• Records contained in a dataset
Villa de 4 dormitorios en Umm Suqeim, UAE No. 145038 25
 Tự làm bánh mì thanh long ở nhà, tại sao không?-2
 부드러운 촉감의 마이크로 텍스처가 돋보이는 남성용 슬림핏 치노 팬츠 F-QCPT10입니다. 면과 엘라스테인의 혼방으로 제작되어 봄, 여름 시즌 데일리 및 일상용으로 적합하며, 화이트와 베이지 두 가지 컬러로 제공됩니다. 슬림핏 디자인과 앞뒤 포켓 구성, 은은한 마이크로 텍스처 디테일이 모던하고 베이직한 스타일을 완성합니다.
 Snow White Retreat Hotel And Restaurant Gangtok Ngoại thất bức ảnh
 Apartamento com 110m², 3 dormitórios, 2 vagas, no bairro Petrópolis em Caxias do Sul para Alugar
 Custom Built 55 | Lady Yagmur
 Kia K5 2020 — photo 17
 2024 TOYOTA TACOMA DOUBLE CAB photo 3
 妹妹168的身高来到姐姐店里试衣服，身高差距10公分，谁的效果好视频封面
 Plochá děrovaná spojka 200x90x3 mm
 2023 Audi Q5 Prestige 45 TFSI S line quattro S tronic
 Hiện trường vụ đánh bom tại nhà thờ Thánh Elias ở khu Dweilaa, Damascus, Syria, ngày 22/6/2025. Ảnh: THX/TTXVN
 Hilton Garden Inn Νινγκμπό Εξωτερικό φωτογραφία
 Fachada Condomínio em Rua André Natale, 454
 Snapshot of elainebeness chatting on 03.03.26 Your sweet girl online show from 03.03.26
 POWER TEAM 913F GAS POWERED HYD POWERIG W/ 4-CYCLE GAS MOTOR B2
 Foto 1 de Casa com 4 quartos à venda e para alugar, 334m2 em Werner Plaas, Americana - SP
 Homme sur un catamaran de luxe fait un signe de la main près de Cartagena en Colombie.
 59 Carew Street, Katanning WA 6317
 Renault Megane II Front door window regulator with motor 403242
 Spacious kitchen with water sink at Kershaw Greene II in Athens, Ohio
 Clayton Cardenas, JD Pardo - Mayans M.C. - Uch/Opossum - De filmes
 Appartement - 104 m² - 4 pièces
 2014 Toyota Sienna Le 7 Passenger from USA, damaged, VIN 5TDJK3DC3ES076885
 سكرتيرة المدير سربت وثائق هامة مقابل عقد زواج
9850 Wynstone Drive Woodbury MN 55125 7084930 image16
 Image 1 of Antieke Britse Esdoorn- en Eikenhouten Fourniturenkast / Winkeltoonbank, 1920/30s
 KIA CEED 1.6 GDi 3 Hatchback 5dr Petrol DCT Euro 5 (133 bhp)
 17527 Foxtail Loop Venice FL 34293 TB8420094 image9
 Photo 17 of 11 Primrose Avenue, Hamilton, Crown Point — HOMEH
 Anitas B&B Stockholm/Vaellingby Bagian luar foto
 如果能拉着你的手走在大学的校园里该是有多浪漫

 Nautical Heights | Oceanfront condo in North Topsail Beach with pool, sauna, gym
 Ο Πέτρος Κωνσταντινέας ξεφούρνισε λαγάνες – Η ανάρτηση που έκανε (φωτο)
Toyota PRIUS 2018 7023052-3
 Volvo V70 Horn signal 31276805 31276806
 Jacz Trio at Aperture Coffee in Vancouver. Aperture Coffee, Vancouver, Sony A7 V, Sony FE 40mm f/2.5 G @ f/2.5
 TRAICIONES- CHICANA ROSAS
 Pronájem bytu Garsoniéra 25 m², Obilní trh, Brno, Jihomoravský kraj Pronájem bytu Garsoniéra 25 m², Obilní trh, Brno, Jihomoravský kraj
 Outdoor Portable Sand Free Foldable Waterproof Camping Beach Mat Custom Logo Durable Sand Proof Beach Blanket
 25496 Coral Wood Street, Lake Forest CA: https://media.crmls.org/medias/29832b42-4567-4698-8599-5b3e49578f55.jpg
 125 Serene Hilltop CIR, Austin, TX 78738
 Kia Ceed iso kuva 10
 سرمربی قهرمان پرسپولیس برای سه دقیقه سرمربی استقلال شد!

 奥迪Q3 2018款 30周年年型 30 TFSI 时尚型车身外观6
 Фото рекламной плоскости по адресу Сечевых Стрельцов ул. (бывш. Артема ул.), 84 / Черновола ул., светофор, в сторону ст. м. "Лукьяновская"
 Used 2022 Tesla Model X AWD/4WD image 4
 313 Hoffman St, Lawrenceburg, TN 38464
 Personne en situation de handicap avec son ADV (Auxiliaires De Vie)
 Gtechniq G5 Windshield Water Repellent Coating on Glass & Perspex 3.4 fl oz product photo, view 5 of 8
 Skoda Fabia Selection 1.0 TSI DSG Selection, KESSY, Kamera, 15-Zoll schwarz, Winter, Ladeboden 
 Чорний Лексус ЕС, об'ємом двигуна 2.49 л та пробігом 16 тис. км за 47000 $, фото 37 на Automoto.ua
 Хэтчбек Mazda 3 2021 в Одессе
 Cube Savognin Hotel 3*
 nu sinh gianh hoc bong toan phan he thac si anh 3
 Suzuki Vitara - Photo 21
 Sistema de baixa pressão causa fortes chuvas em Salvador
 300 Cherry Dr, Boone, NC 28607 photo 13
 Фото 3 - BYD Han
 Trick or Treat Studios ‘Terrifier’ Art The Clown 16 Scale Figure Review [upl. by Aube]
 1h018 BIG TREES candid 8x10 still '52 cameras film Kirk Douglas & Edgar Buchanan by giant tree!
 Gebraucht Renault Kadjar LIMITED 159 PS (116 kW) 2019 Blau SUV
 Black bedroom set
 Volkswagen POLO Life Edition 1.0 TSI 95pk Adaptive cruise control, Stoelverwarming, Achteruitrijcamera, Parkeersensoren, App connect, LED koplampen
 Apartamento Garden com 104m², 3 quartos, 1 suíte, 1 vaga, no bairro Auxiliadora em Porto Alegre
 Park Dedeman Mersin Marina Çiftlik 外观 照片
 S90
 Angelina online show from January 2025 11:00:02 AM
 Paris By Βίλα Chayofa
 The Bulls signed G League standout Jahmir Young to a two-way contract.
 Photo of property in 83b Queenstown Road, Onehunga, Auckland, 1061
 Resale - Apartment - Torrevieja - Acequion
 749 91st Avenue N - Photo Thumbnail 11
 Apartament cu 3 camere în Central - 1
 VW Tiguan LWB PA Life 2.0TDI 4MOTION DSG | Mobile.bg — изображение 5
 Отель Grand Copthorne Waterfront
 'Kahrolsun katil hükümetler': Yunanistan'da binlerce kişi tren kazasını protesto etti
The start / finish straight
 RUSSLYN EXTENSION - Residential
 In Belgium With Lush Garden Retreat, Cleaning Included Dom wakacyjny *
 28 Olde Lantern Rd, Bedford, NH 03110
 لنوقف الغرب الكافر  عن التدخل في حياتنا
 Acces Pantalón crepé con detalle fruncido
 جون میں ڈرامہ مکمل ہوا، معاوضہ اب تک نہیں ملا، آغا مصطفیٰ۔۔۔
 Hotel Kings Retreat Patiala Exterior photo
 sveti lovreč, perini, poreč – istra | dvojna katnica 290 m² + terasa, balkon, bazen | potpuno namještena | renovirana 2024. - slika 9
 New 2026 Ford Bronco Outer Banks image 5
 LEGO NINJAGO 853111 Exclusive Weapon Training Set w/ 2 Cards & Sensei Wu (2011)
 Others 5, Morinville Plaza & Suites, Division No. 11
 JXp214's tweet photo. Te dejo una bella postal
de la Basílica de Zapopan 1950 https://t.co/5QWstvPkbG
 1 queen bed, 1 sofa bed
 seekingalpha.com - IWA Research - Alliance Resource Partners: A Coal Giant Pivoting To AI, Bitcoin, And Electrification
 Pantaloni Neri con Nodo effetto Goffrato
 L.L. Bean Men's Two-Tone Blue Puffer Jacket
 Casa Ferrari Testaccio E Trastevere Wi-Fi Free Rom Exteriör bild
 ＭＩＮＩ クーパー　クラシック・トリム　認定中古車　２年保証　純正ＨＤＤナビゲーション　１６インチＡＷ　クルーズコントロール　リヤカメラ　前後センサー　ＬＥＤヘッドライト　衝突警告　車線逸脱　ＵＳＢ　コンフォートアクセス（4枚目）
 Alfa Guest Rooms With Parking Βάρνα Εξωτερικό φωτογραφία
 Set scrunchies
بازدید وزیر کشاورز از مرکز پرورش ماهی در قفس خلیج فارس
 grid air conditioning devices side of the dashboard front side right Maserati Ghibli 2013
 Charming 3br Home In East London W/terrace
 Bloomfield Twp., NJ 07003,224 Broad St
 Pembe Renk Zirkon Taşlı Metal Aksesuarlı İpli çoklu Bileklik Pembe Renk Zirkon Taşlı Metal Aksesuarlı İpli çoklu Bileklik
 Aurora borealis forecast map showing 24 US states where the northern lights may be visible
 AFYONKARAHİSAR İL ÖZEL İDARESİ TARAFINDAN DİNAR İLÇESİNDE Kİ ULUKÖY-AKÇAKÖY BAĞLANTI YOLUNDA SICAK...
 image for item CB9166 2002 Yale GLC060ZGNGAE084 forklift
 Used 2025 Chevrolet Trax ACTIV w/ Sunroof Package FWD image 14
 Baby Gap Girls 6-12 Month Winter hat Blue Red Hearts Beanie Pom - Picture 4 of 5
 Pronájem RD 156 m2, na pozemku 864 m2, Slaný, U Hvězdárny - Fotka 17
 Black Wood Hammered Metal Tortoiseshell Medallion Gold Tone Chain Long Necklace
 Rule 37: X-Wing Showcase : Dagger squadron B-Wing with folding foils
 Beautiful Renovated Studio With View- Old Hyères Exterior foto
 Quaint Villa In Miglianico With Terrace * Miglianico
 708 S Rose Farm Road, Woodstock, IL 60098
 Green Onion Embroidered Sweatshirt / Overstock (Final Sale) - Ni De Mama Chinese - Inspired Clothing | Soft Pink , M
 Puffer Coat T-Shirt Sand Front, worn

• What you need to do
From the first line of the records above down to the line containing "Fachada Condomínio em Rua André Natale, 454", repeat each line exactly as written. Include both of those lines and add nothing.

• Result of this task
Villa de 4 dormitorios en Umm Suqeim, UAE No. 145038 25
 Tự làm bánh mì thanh long ở nhà, tại sao không?-2
 부드러운 촉감의 마이크로 텍스처가 돋보이는 남성용 슬림핏 치노 팬츠 F-QCPT10입니다. 면과 엘라스테인의 혼방으로 제작되어 봄, 여름 시즌 데일리 및 일상용으로 적합하며, 화이트와 베이지 두 가지 컬러로 제공됩니다. 슬림핏 디자인과 앞뒤 포켓 구성, 은은한 마이크로 텍스처 디테일이 모던하고 베이직한 스타일을 완성합니다.
 Snow White Retreat Hotel And Restaurant Gangtok Ngoại thất bức ảnh
 Apartamento com 110m², 3 dormitórios, 2 vagas, no bairro Petrópolis em Caxias do Sul para Alugar
 Custom Built 55 | Lady Yagmur
 Kia K5 2020 — photo 17
 2024 TOYOTA TACOMA DOUBLE CAB photo 3
 妹妹168的身高来到姐姐店里试衣服，身高差距10公分，谁的效果好视频封面
 Plochá děrovaná spojka 200x90x3 mm
 2023 Audi Q5 Prestige 45 TFSI S line quattro S tronic
 Hiện trường vụ đánh bom tại nhà thờ Thánh Elias ở khu Dweilaa, Damascus, Syria, ngày 22/6/2025. Ảnh: THX/TTXVN
 Hilton Garden Inn Νινγκμπό Εξωτερικό φωτογραφία
 Fachada Condomínio em Rua André Natale, 454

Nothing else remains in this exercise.